[Start of Attachment]

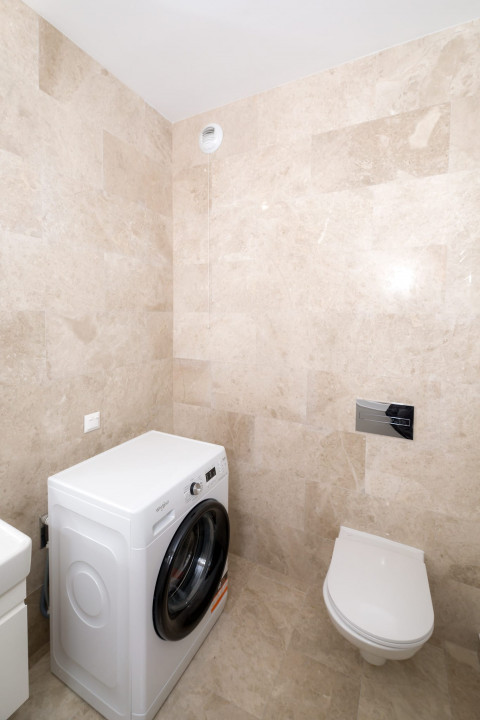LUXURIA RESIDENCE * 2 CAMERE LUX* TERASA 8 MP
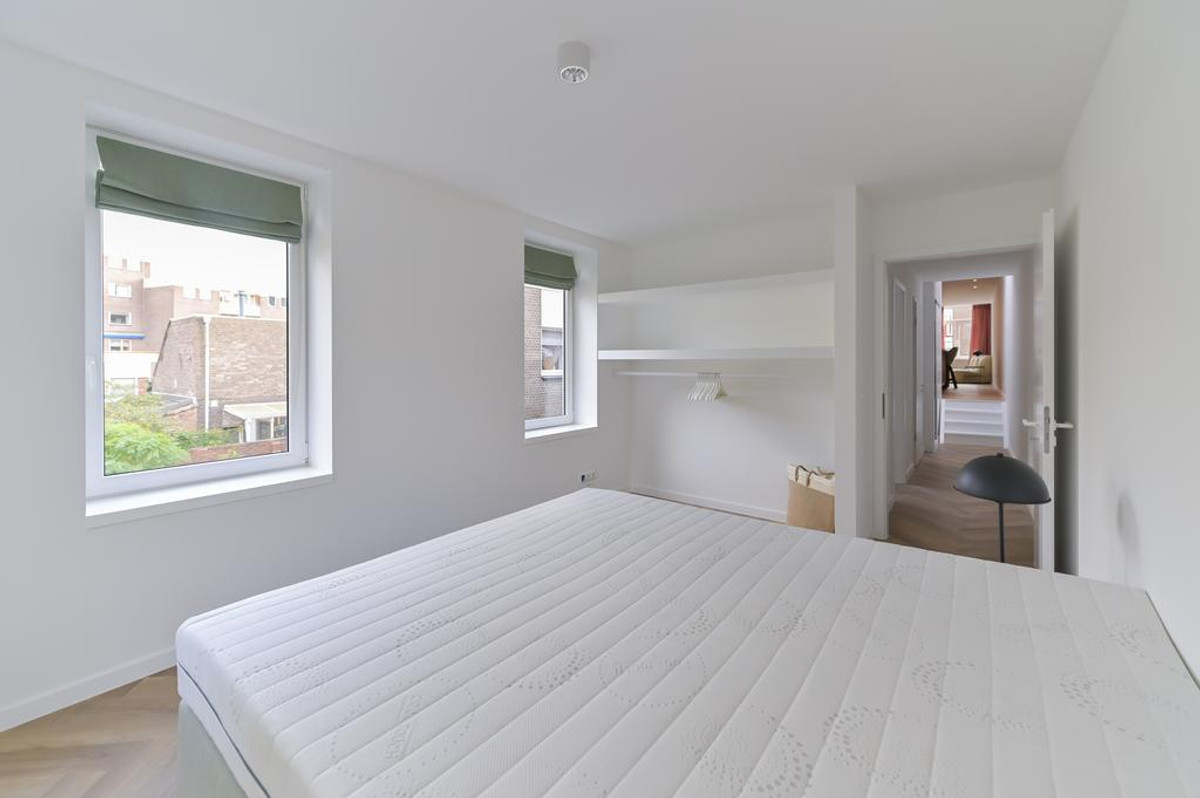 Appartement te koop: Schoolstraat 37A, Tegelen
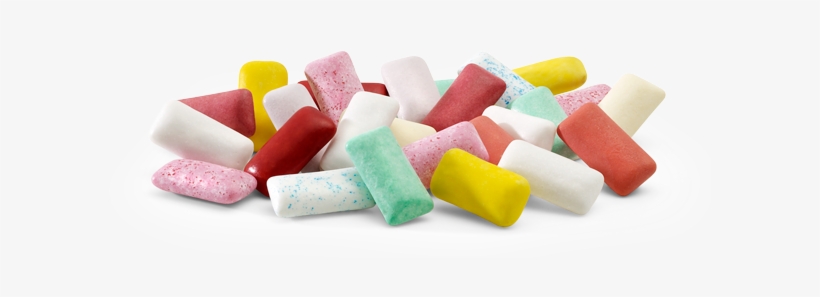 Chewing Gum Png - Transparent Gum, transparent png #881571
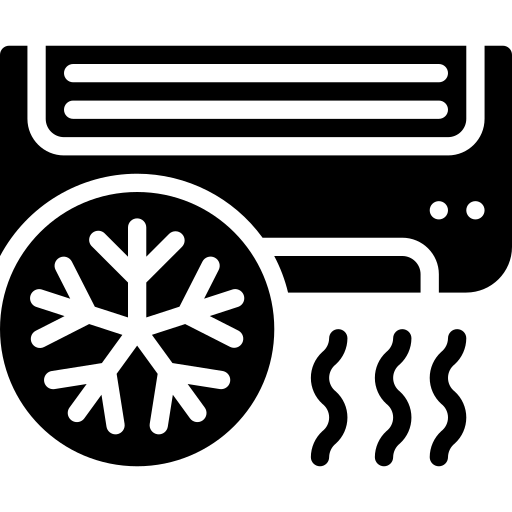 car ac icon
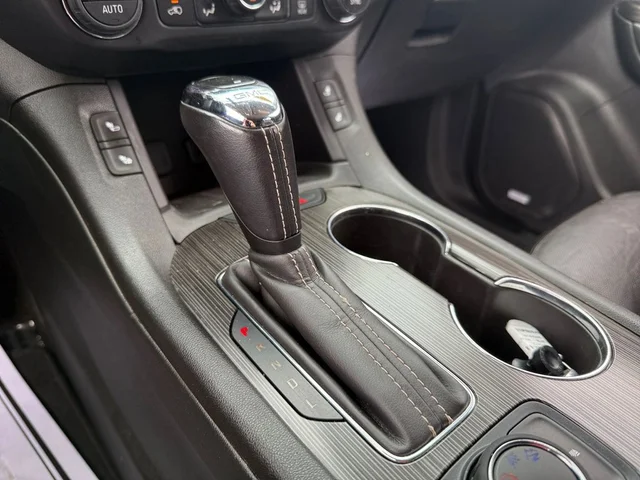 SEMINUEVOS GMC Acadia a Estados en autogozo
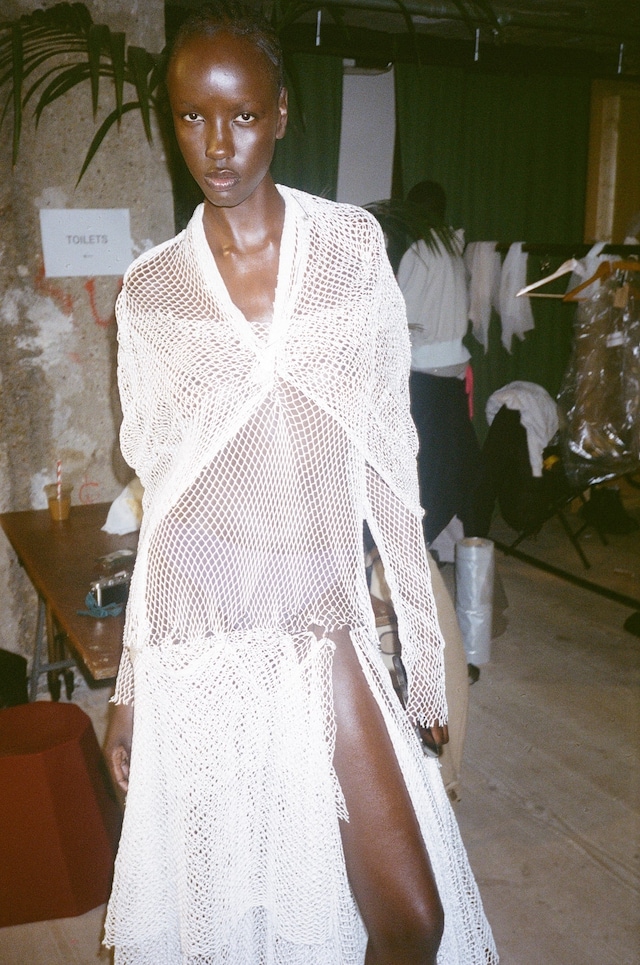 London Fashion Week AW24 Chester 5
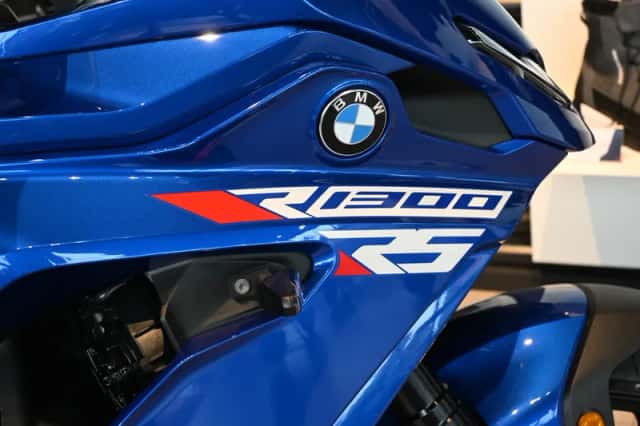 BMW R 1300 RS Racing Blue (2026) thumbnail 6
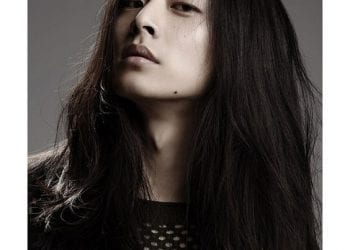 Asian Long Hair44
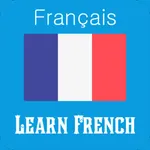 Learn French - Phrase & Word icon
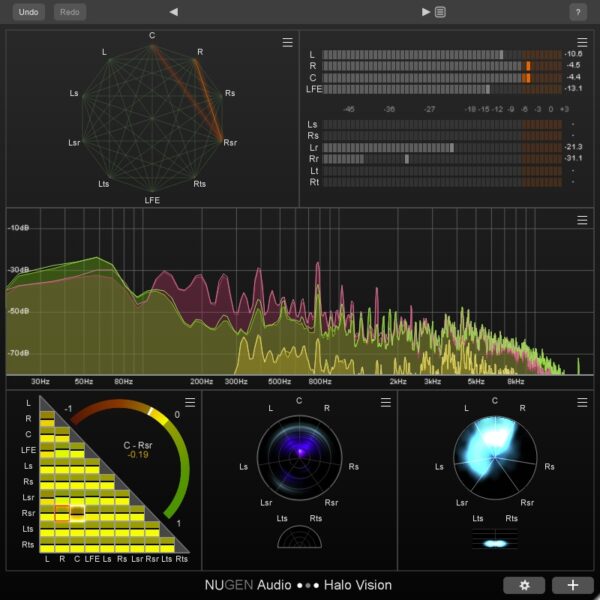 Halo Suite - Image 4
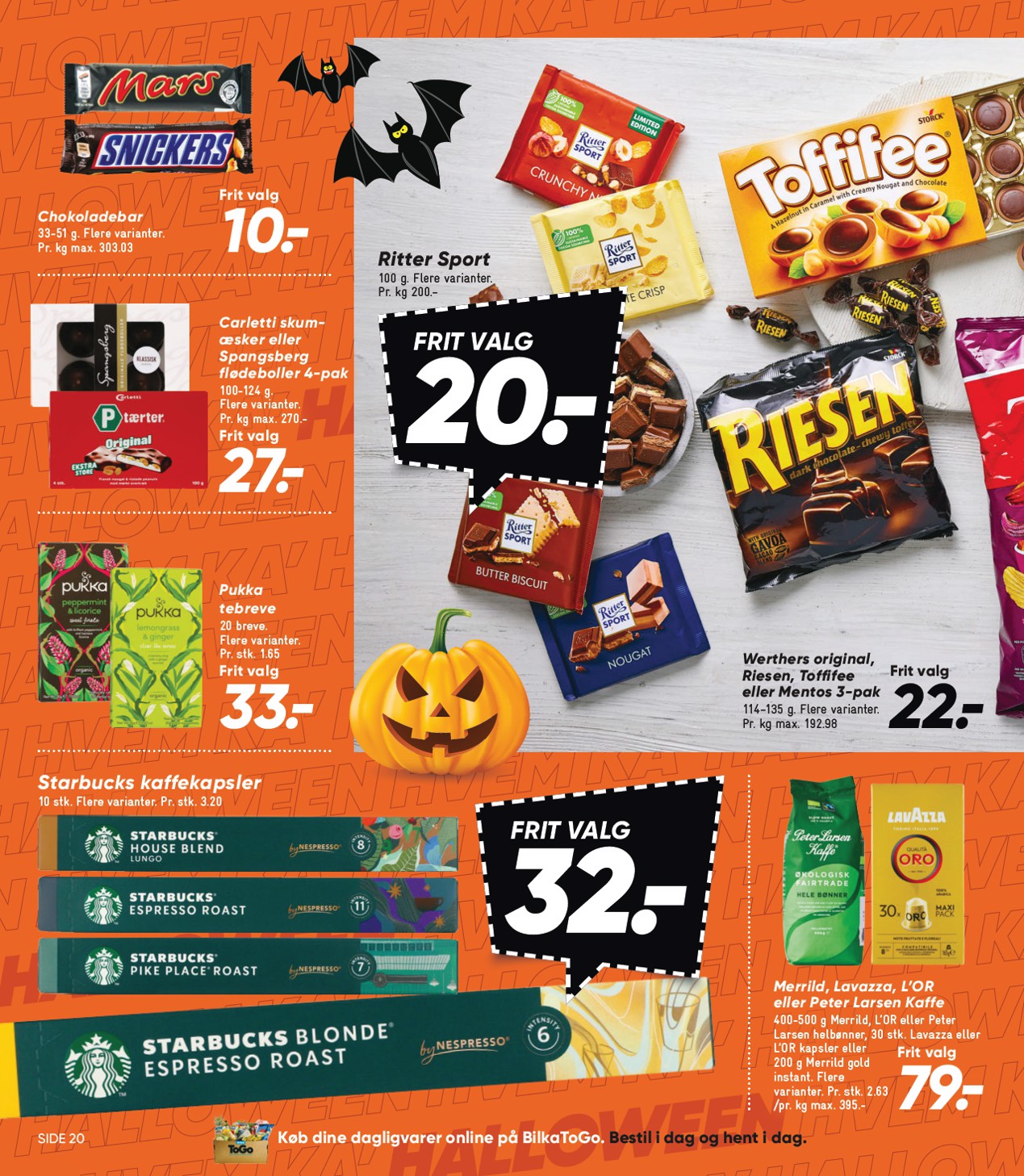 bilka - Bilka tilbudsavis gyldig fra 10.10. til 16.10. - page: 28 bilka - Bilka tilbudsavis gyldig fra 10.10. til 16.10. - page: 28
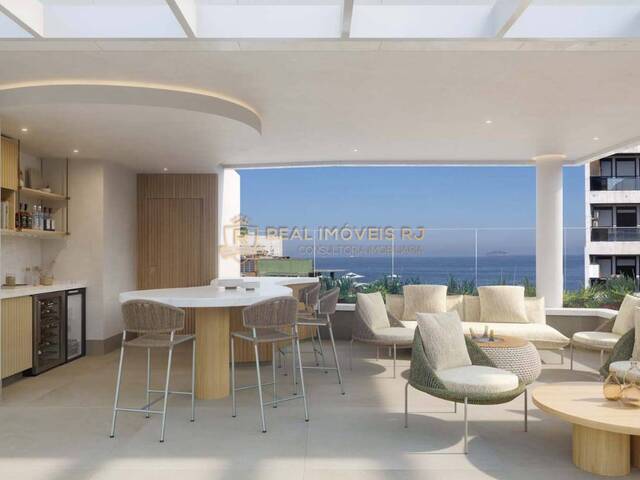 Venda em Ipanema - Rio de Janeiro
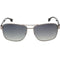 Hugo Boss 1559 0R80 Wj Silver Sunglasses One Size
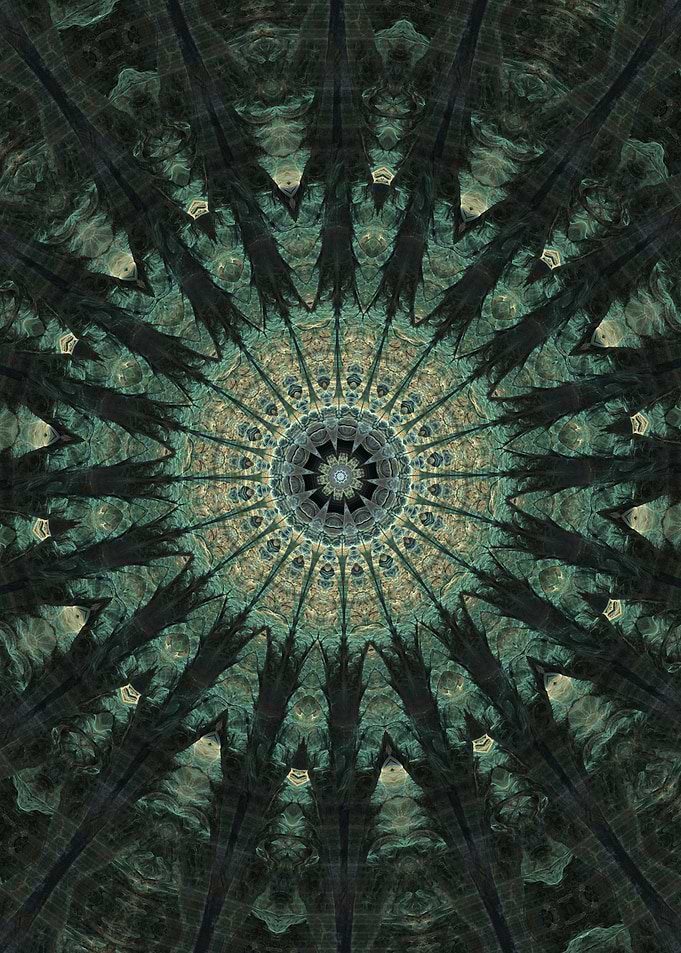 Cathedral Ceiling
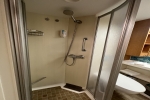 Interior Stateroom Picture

[End of Attachment]

[TASK TO CARRY OUT]: Starting at the line that contains "Cathedral Ceiling", extract each line through the last line of the material exactly as written, and include no pictures.

[TASK RESULT]:
 Cathedral Ceiling
 Interior Stateroom Picture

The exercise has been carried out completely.